2. | APPLICATION OF NEW AND REVISED INTERNATIONAL FINANCIAL REPORTING STANDARDS |
The IASB has issued a number of new and revised IFRSs that are effective for accounting period beginning on or after 1 January 2013. The Group applied the following new or revised IFRSs that are effective for the current year:
| Amendments to IAS 1, Presentation of Financial Statements Presentation of Items of Other Comprehensive Income |
| IFRS 10, Consolidated Financial Statements |
| IFRS 12, Disclosure of Interests in Other Entities |
| IFRS 13, Fair Value Measurement |
| Amendments to IFRS 7, Financial Instruments: Disclosures Offsetting Financial Assets and Financial Liabilities |
| Revised IAS 19, Employee Benefits |
The Group has not yet applied any new and revised standard or interpretation that is not yet effective for the current accounting period.
Amendments to IAS 1, Presentation of Financial Statements Presentation of Items of Other Comprehensive Income
The amendments introduced new terminology for the statement of comprehensive income and income statement. Under the amendments to IAS 1, statement of comprehensive income is renamed as statement of profit or loss and other comprehensive income and income statement is renamed as statement of profit or loss. However, the amendments to IAS 1 allow an entity to use titles for these statements other than those used in the amendments to IAS 1. The Group has not made any changes to the titles for these statements.
In addition, the amendments to IAS 1 require items of other comprehensive income to be grouped into two categories to disclose: (a) items that will not be reclassified subsequently to profit or loss; and (b) items that may be reclassified subsequently to profit or loss when specific conditions are met. Income tax on items of other comprehensive income is required to be allocated on the same basis the amendments do not change the option to present items of other comprehensive income either before tax or net of tax.
The application of the amendments has no significant impact on the presentation of items of other comprehensive income of the Group.
A-12
IFRS 10, Consolidated Financial Statements
IFRS 10 replaces the parts of IAS 27, Consolidated and Separate Financial Statements that deal with consolidated financial statements and SIC 12, Consolidation Special Purpose Entities. Under IFRS 10, there is only one basis for consolidation, that is, control.
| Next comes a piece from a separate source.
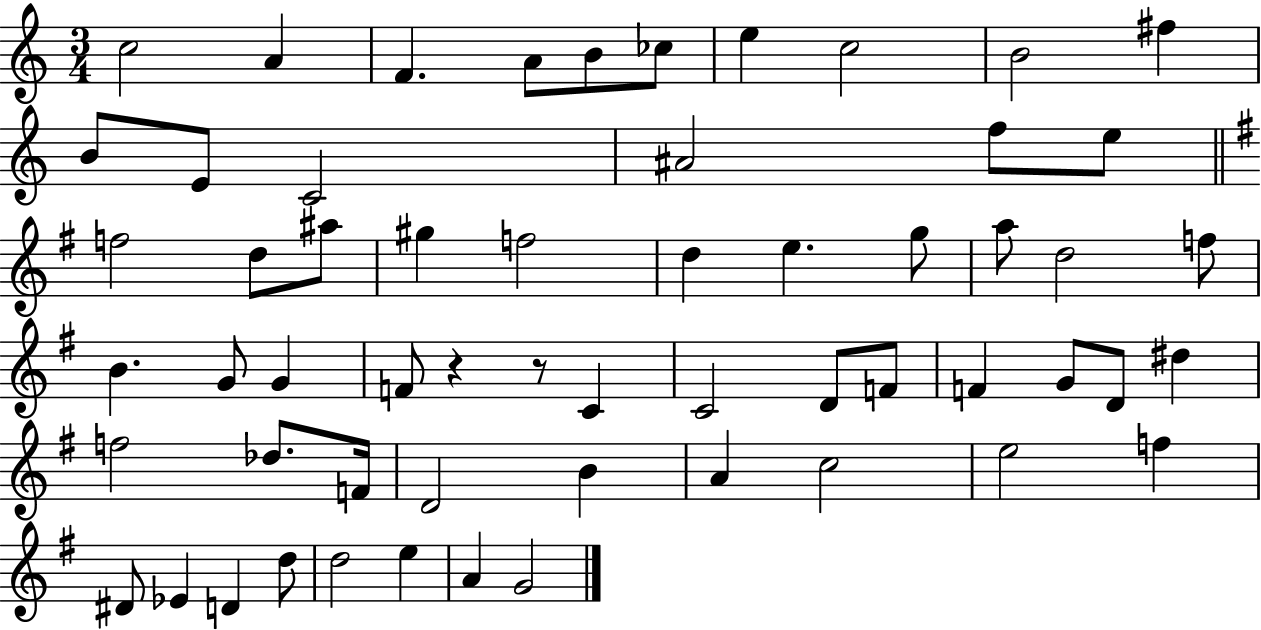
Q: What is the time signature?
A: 3/4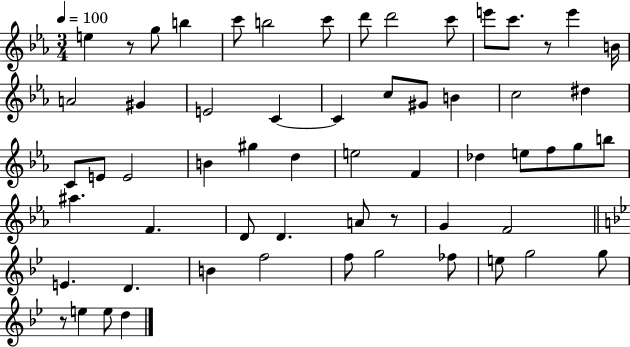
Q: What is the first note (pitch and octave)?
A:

In addition, IFRS 10 includes a new definition of control that contains three elements: (a) power over an investee, (b) exposure, or rights, to variable returns from its involvement with the investee, and (c) the ability to use its power over the investee to affect the amount of the investors returns. Extensive guidance has been added in IFRS 10 to deal with complex scenarios.
The application of IFRS 10 has no significant impact on the Groups financial statements.
IFRS 12, Disclosure of Interests in Other Entities
IFRS 12 is a disclosure standard and brings together into a single standard all disclosure requirements applicable to entities interests in subsidiaries, joint arrangements, associates and unconsolidated structured entities. In general, the disclosure requirements in IFRS 12 are more extensive than those previously required by the respective standards.
The application of IFRS 12 has no significant impact on the Groups financial statements.
IFRS 13, Fair Value Measurement
IFRS 13 establishes a single source of guidance for fair value measurements. The standard defines fair value, establishes a framework for measuring fair value, and requires disclosures about fair value measurements.
The scope of IFRS 13 is broad, and applies to both financial instrument items and non-financial instrument items for which other IFRSs require or permit fair value measurements and disclosures about fair value measurements, subject to a few exceptions.
The application of IFRS 13 has no significant impact on the Groups financial statements.
Amendments to IFRS 7, Financial Instruments: Disclosures Offsetting Financial Assets and Financial Liabilities
The amendments require entities to disclose information about rights of offset and related arrangements for financial instruments under an enforceable master netting agreement or similar arrangement.
The application of the amendments has no significant impact on the Groups financial statements.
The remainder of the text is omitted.